The final dataset provides a 719K validated training trajectory – an open reproducible study of previous efforts is evident.
Supervisory fine-tuning: Excellent excellence
For SFT, MiroMind-SFT-7B is initialized from QWEN2.5-MATH-7B and accepts a larger context window (maximum 32,768 tokens) and a packaging-free strategy to avoid cross-sample attention contamination. It performs more than peers on key math benchmarks to open the model:
Model | Aime24 | Aime25 | MATH500 |
---|---|---|---|
DeepSeek-R1-Distill | 55.5 | 40.4 | 92.8 |
mimo-7b-sft | 58.7 | 44.3 | 93.0 |
miromind-sft-7b | 60.4 | 45.0 | 94.6 |
These results validate the efficacy of data curation and training designs: richer, deeper samples and no packaging lead to consistently superior performance.
Campo: Multi-stage policy optimization for context-aware
The key innovation in the RLVR phase of MiroMind-M1 is Campo algorithm. Campo addresses two key RL challenges by: training instability and inefficient efficiency –
- Multi-stage training with extended context limitations: Training starts with the output length of the constraint (e.g., 16K token) and then gradually increases to further reason, balancing efficiency and thoroughness.
- Dynamic repetition punishment: Specialized repetitive criticism punishes the performance of early or over-repetitive outputs to prevent utility collapse and diversity in execution outputs.
- Accurate external validator: The reward feedback system will greatly improve with robust mathematical answers (including tricky cases with units, π and percentages) to ensure that the training signal is closely aligned with true correctness.
Campo not only stabilizes RL dynamics, but also causes the model to solve fewer, more relevant token problems – speeding up inference and reducing costs without sacrificing accuracy.
Benchmark performance: state-of-the-art efficiency
MiroMind’s open model can achieve highly competitive or state-of-the-art results for the mathematical model of open QWEN-2.5 (7B/32B parameters):
Model | Aime24 | Aime25 | MATH500 |
---|---|---|---|
DeepSeek-r1-7b | 55.5 | 39.2 | – |
MIMO-7B-RL | 68.2 | 55.4 | 95.8 |
Skywork-Or1-7b | 72.2 | 54.6 | – |
miromind-rl-7b | 73.4 | 57.8 | 96.7 |
Skywork-Or1-32b | 77.1 | 68.2 | 97.5 |
miromind-rl-32b | 77.5 | 65.6 | 96.4 |
It is worth noting that the MiroMind-M1-RL model not only matches or exceeds peer accuracy, but also operates with higher token efficiency – thanks to Campo’s training, the 32B model can produce shorter, more concise solutions without losing correctness.
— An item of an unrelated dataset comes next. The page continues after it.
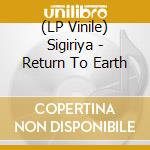 (LP Vinile) Sigiriya - Return To Earth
Complete stack and repeatability
Every component of the MiroMind-M1 stack is publicly released:
- Model weight (SFT and RL checkpoints for 7B and 32B scales)
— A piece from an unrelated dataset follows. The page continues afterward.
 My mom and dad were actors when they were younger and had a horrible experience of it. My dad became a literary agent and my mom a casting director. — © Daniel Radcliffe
- Dataset (Full 719k SFT, 62K RLVR)
- Training scripts (Supports multi-node distributed training on rays)
- Evaluation code (Standard scripts and benchmark configuration)
Researchers can replicate, review and expand MiroMind-M1 from raw data to trained models, improving repeatability and accelerating new open research.
in conclusion
MiroMind-M1 demonstrates that through careful data curation, innovative RL algorithms (CAMPOs), and fundamental transparency, open source language models can rival proprietary systems in advanced mathematical reasoning. The project sets a new standard for the repeatability and collaborative advancement of inference LLM, providing high-quality resources and a strong platform for future innovation.
Check Paper, github pages and models about hugging faces. All credits for this study are to the researchers on the project. Also, please stay tuned for us twitter And don’t forget to join us 100K+ ml reddit And subscribe Our newsletter.
Nikhil is an intern consultant at Marktechpost. He is studying for a comprehensive material degree in integrated materials at the Haragpur Indian Technical College. Nikhil is an AI/ML enthusiast and has been studying applications in fields such as biomaterials and biomedical sciences. He has a strong background in materials science, and he is exploring new advancements and creating opportunities for contribution.